Setting Up Nilus¶
The Nilus stack in DataOS is designed for developers and enables data movement from a source to a destination without requiring complex code. It provides built-in connectors for commonly used data sources, along with the ability to add custom sources and destinations for batch data movement.
Prerequisites¶
Deployment of the Nilus Server requires appropriate access permissions. These permissions must be granted either through predefined use cases or by assigning the operator tag.

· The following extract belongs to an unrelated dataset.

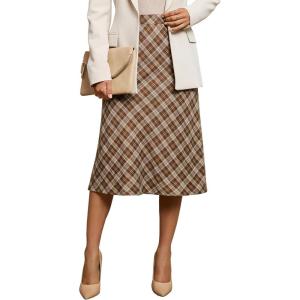 imageluvamia Plaid Skirts for Women Midi Length High Waisted Trendy A Line Elastic Waist Casual Office Work Fall SkirtBrown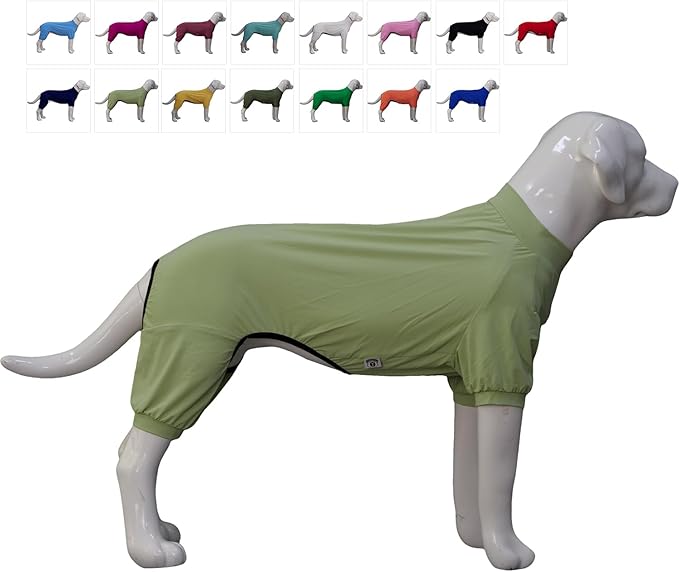LoveLongLong Dog Jumpsuit with UV Protection and Quick-Dry Fabric for Spring Summer Pet Pajamas Light Green XL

Only users with the operator role are authorized to deploy Nilus Server.
Note: Permission requirements may vary across organizations, depending on role configurations and access policies defined within each DataOS environment.
Verifying User Permissions
To verify whether the required access permissions or operator tag are present, execute the following command:
dataos-ctl user get
# Expected Output:
dataos-ctl user get
INFO[0000] 😃 user get...
INFO[0000] 😃 user get...complete
NAME │ ID │ TYPE │ EMAIL │ TAGS
───────────────┼─────────────┼────────┼──────────────────────┼─────────────────────────────────
Groot │ iamgroot │ person │ iamgroot@tmdc.io │ roles:id:data-dev,
│ │ │ │ roles:id:operator,
│ │ │ │ roles:id:system-dev,
│ │ │ │ roles:id:user,
│ │ │ │ users:id:iamgroot
In the example above, the presence of roles:id:operator indicates that the user is authorized to deploy the Nilus Server.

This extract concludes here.